§ HOW TO COMPLETE THIS TASK
Please make sure what you return matches the listing below exactly, minus its pictures.
(Beginning of RECORDED DATA)
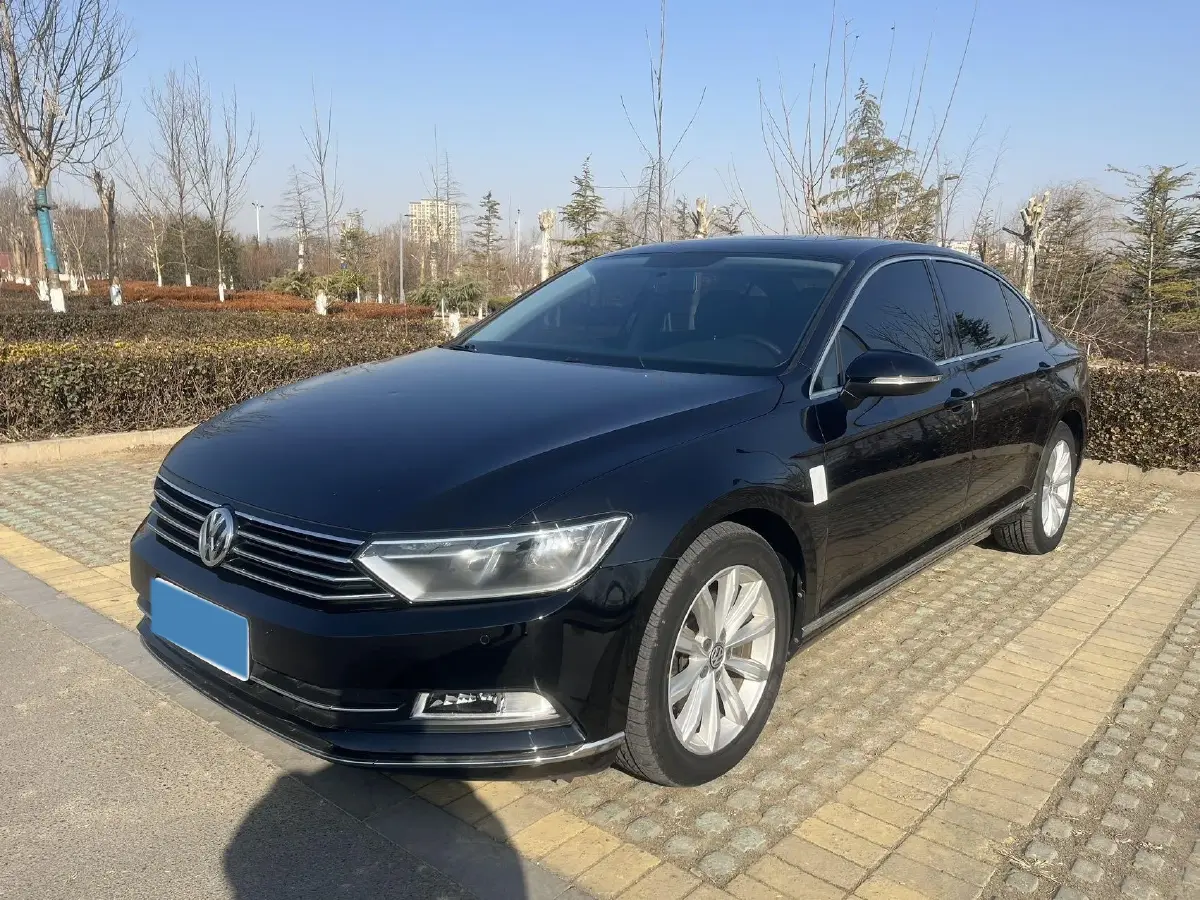 2018 Volkswagen Magotan 1.8T 180HP L4 7DCT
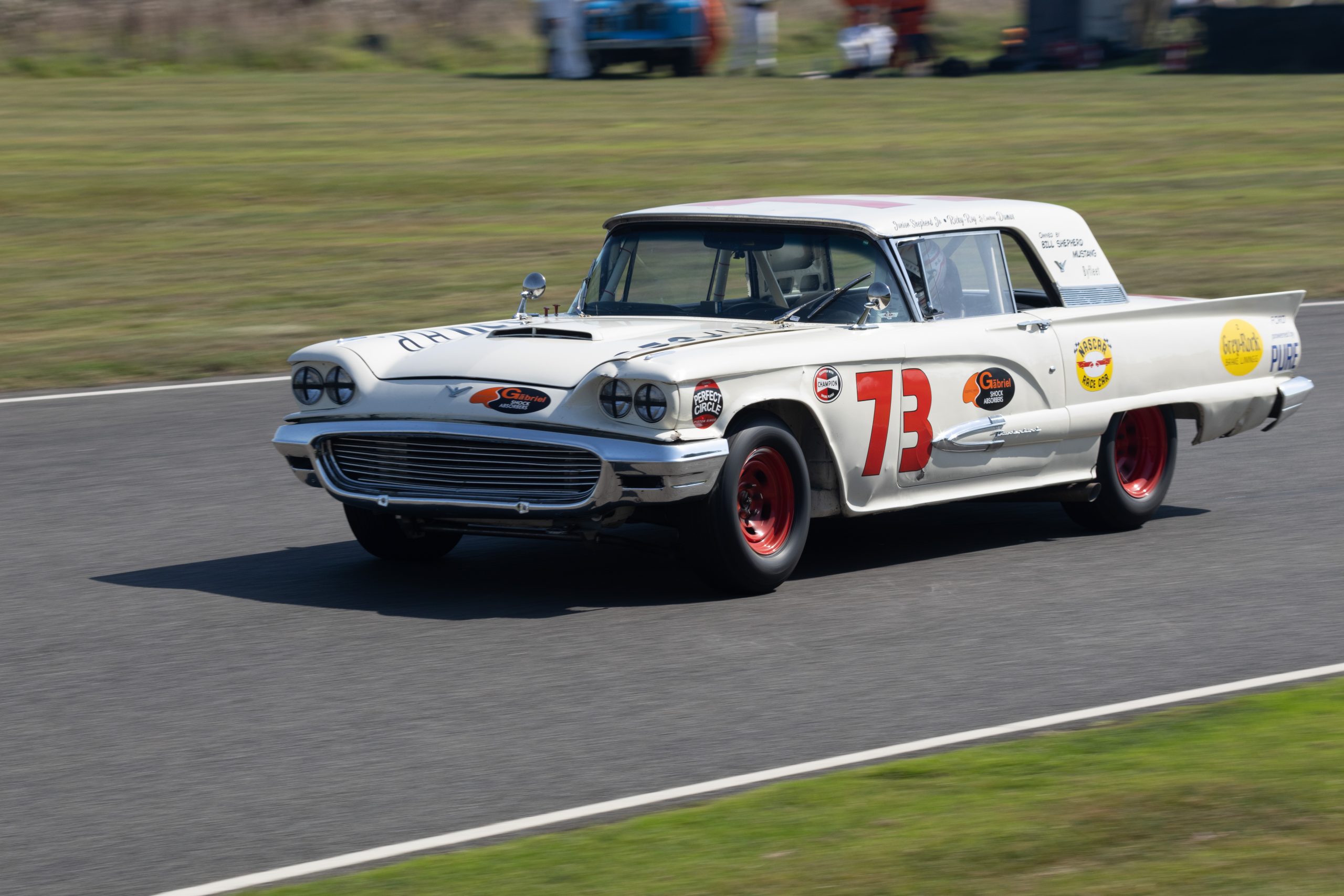 Goodwood Motor Circuit - Chichester - West Sussex - England
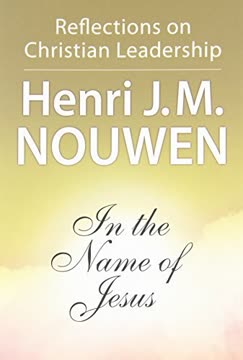 In the Name of Jesus Summary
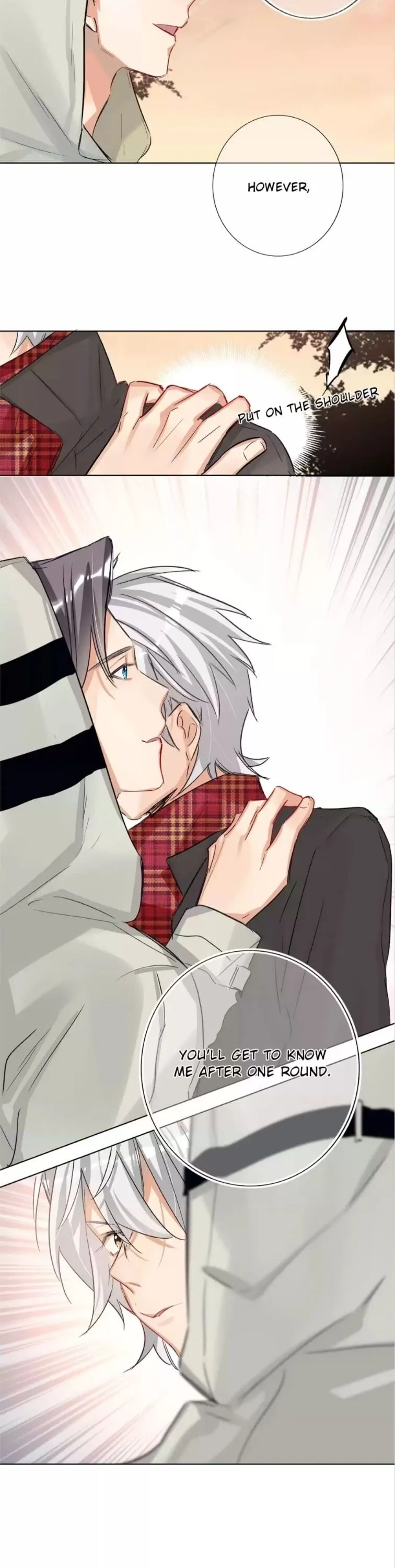 Read Double-Faced Anchor chapter 28 image 1 on Lezhin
(End of RECORDED DATA)
§ YOUR RESPONSE
 2018 Volkswagen Magotan 1.8T 180HP L4 7DCT
 Goodwood Motor Circuit - Chichester - West Sussex - England
 In the Name of Jesus Summary
 Read Double-Faced Anchor chapter 28 image 1 on Lezhin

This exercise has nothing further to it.